Common conditions treated at Elizabeth Street Pet Hospital
Periodontal disease is a disease of the tissues that support the teeth in the mouth. Both bacterial infection and inflammation play a role in this pervasive disease of dogs, cats and people. These tissues are the gums, the jaw bone, and the periodontal ligament which connects the tooth to the bone. Periodontal disease occurs when the body's immune system reacts to the bacteria and toxins which are constantly forming on the teeth in the form of plaque.
If plaque is not removed, it will eventually accumulate and harden into dental calculus, also called tartar. Calculus can become a hard yellow brownish covering over the crowns of the tooth. It's like cement and is difficult to remove. With heavy build-up, calculus can also cover the gum so that the plaque beneath the gum-line cannot be cleaned. This build-up exacerbates the situation, creating a nice environment in which the nastiest plaque bacteria thrive. The plaque beneath the gum-line is the real enemy in periodontal disease. Fortunately plaque that is above the gumline is easy to remove with tooth brushing.
As the plaque accumulates and the bacteria multiply, the pockets around each tooth become deeper and more painful for your pet. An early sign of this stage is a swelling and reddening at the gum-line around each tooth. If you touch this area, your pet may shy away and the gums may bleed. This is gingivitis, the earliest form of periodontal disease. Gingivitis is a reversible inflammation of the gums. If the teeth and gums are cleaned now, the mouth can be "as good as new." However, if the pockets around the teeth are deep enough, the gums recede, or the bone supporting the teeth begin to reabsorb, irreversible changes have occurred in the mouth. This is advanced periodontal disease. At this stage the disease can be arrested, but the damage it has caused cannot be completely reversed.
Systemic disease has been associated with periodontal disease. However, it is very difficult to prove a "cause and effect" relationship. The bacteria and their toxic by-products can travel through the blood stream. This, along with inflammatory mediators associated with the periodontal disease, may contribute to damage of other organs in the body, such as the liver, kidney, heart and lungs.
Periodontal disease can be insidious. Many pets do not show obvious symptoms until significant damage has occurred. An annual dental cleaning, an oral exam under anaesthesia, dental radiographs and daily oral hygiene are helpful in screening, prevention and control of periodontal disease.
Stomatitis is a severe inflammation of the oral cavity in cats caused by an exaggerated inflammatory response to the plaque bacteria in the mouth.

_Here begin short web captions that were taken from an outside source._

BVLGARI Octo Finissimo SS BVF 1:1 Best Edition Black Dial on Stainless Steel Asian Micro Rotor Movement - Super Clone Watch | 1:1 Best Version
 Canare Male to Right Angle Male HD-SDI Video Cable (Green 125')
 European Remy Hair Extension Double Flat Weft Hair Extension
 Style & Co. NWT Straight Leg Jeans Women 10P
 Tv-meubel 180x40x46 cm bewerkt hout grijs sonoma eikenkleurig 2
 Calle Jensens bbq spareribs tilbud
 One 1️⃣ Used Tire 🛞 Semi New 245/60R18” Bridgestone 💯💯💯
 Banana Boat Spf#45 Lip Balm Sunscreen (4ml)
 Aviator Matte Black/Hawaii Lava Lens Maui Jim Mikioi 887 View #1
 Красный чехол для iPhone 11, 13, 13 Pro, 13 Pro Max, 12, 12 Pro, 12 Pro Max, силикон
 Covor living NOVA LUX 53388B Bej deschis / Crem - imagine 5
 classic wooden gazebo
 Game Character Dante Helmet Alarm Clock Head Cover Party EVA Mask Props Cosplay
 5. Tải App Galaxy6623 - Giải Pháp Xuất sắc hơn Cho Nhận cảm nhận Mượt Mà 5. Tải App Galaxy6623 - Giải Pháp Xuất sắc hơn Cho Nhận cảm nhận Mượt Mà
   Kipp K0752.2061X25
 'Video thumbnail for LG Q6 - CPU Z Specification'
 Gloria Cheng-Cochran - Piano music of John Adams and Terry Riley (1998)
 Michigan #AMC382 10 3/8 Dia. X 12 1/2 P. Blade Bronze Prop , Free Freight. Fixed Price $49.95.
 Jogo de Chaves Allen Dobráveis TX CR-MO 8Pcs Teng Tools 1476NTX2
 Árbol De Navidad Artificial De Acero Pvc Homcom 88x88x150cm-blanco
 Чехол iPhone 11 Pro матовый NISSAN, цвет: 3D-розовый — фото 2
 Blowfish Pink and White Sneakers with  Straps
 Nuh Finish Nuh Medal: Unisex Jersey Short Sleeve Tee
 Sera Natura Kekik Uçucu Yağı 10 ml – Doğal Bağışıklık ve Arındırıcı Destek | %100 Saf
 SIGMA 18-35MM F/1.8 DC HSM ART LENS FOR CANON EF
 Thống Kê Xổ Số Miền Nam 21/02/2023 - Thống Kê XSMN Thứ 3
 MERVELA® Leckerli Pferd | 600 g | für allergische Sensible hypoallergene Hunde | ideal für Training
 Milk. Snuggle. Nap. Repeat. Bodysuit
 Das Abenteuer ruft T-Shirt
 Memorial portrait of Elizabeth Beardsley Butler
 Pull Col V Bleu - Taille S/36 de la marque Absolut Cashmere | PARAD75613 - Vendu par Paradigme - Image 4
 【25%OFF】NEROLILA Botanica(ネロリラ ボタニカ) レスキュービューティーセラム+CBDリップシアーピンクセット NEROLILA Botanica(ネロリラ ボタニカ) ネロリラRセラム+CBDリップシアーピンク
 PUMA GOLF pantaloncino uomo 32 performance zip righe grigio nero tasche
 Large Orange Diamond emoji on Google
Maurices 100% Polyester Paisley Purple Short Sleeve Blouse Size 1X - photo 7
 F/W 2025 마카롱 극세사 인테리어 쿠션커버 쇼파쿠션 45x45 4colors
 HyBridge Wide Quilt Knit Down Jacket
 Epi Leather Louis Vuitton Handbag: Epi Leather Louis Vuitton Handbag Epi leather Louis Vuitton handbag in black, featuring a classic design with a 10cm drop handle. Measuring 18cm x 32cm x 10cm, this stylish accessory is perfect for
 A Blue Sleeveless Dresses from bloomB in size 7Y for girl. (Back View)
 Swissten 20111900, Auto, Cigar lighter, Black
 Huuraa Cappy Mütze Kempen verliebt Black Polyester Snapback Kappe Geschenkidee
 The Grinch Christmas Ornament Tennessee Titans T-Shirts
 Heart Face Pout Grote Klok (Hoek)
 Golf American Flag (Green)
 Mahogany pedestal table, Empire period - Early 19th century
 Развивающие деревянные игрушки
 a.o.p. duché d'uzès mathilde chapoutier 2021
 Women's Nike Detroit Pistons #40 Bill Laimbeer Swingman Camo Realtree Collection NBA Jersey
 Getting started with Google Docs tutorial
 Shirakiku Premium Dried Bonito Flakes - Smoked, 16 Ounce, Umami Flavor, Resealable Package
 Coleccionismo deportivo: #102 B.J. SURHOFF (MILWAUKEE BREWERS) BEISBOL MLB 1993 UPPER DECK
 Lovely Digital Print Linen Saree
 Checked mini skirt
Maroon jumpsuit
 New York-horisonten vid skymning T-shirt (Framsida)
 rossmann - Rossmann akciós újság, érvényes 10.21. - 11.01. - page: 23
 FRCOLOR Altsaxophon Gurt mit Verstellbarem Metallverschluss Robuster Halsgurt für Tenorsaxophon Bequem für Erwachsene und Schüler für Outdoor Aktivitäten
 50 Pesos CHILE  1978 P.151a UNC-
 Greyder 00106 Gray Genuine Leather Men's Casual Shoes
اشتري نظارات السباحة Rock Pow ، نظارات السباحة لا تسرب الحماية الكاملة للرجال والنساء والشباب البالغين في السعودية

The inflammation causes the gum tissue and oral cavity to become swollen, red, and very painful. The exact cause of stomatitis is unknown though most patients with stomatitis have an underlying viral infection. Calici and Herpes are common viruses that can be seen in cats with stomatitis. If your cat has stomatitis and has no record of being tested for FeLV and FIV previously, we may recommend testing for these viruses. Calici and Herpes are also contagious to other cats, but are not typically life threatening. Cats with stomatitis are typically very painful. Often they will stop grooming and their coat becomes dull and unkempt. Patients with stomatitis may show interest in food but be reluctant to eat because of the associated pain. They may also cry when yawning or chewing food. Excessive drooling and bad breath are also common symptoms. Frequently, cats with stomatitis are antisocial and hide because of chronic pain. A thorough oral exam under anaesthesia is critical to diagnose stomatitis. Dental radiographs and surgery to extract most or all teeth have a high success rate, although some patients need ongoing medical care.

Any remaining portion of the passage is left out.